Los agoreros y futuristas  han llegado a expresar que esta crisis tendrá consecuencias económicas tan devastadoras que afectará de manera fundamental las estructuras económicas que se habían instalado a escala planetaria, los procesos de apertura económica serán revisados por prácticas más proteccionistas y, en el plano de las economías locales, con una presencia más poderosa del Estado ya que, la Pandemia, ha desnudado las falencias de un modelo que funciona en condiciones de normalidad pero que se olvida de sus principales fundamentos ideológicos cuando el mercado resulta ser ineficiente y hasta irresponsable para enfrentar sus consecuencias de esta crisis sanitaria.

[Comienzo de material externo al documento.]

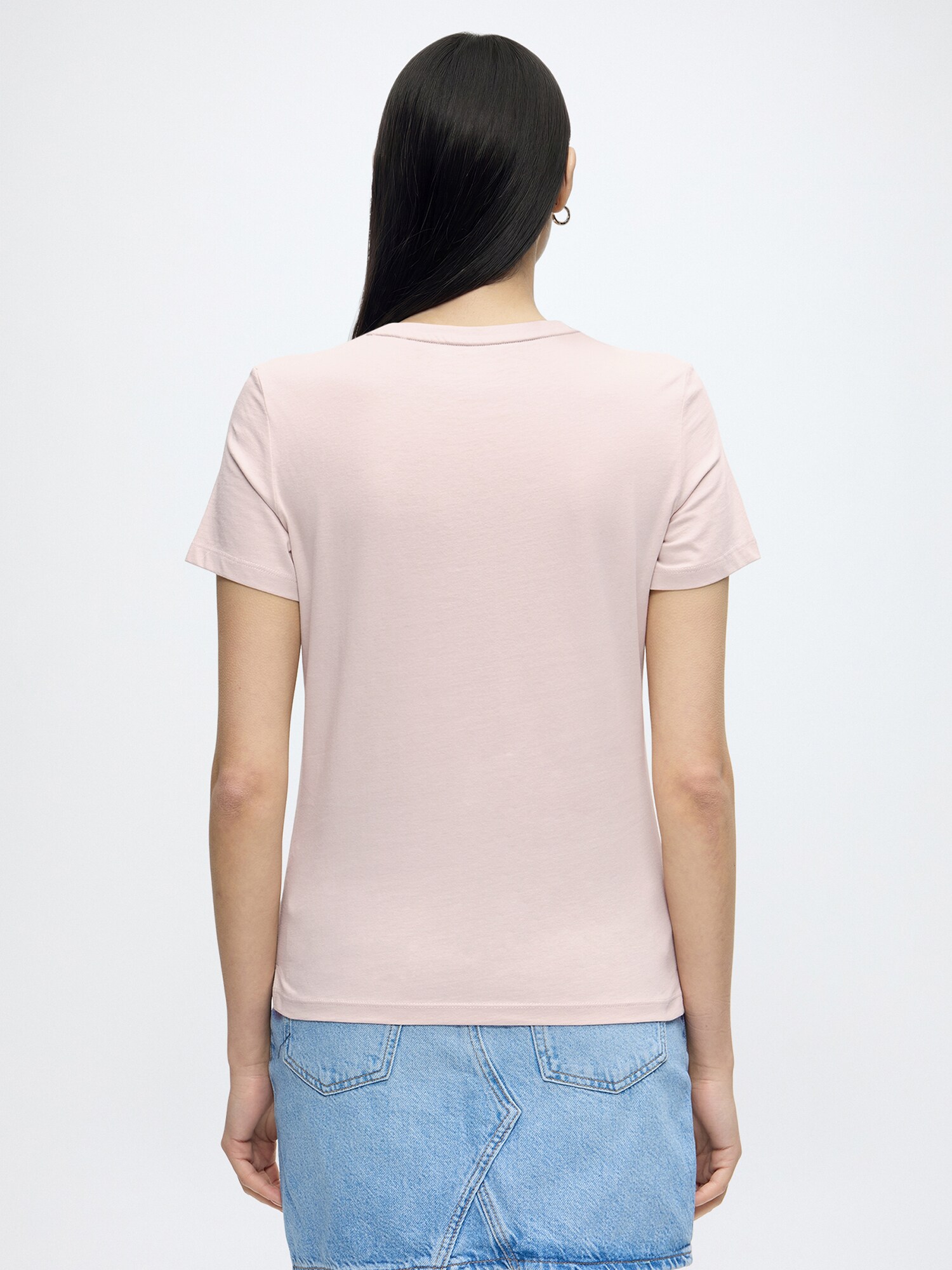 GUESS Camiseta  talco / rojo / negro / blanco – imagen 3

Desde el punto de vista de la dimensión política e ideológica no son pocos los que creen en el renacimiento de un Estado Nación más empoderado (que ha sido fuertemente debilitado por la globalización y la internacionalización de la vida, ya no solo de la economía) y que asume un rol significativo en el resguardo de sus habitantes. Si creemos en las estadísticas entregadas por China y las complicaciones que se han expresado en Europa, pareciera que un modelo basado en un modelo más autoritario, con un Estado de Derecho que restringe muchas de las garantías y derechos ganados a través de la Historia, resulta más efectivo para enfrentar la delicada situación que hemos vivido.

Desde el mundo de las relaciones sociales, el individualismo exacerbado que ha impuesto el modelo dominante, con un desprecio por el otro y la preocupación dominante de mis deseos (ya no necesidades) entrará, dicen algunos en una etapa al menos de reflexión, y dada la experiencia es imposible pensar que en esta Pandemia nos podemos salvar solos, ya no depende de cuántos recursos dispongo, mi actitud irresponsable o la de otros, puede poner en peligro a muchos y por ende el pacto social se debería reconstruir sobre la base de las banderas olvidadas de la solidaridad, la comunidad, el  respeto y el compromiso.

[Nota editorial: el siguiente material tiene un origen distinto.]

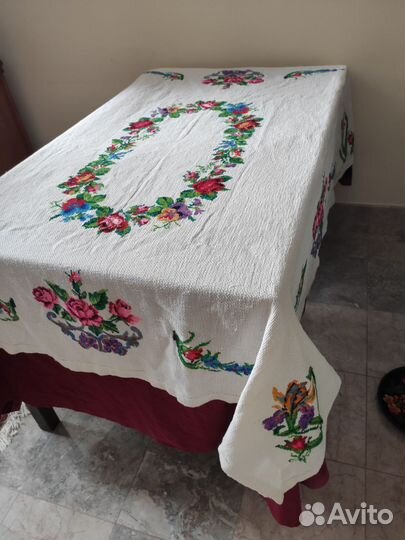 Скатерть винтаж ручная вышивка б/у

También hay visiones menos rupturistas y que plantean (muy al estilo de la Historia de Occidente) que son los valores que están detrás del modelo de sociedad los que deben sostener las estructuras más allá de  la situación de crisis que estamos viviendo. El Estado de excepción no debe ser la normalidad; la renuncia a los derechos y garantías ganadas pueden suspenderse pero no alterarse definitivamente en sus bases; es imposible, en la Historia larga reemplazar la razón Occidental como el fuego orientador de nuestras principales luchas y reivindicaciones; el virus puede mandar a tratamiento intensivo al capitalismo pero no lo matará, en definitiva la crisis viral será sólo un amago de revolución (como tantas otras en la Historia) y cuando la normalidad vuelva (si es que vuelve) seguiremos con nuestras vidas, para algunos confortables y para otros manteniendo las luchas y esperanzas reivindicativas.

No se trata aquí de predecir el futuro, pero la sensibilidad del momento que vivimos, como dice el profesor  Jorge Peña Vial, de la Universidad de Los Andes de Chile, nos exige ponernos a pensar.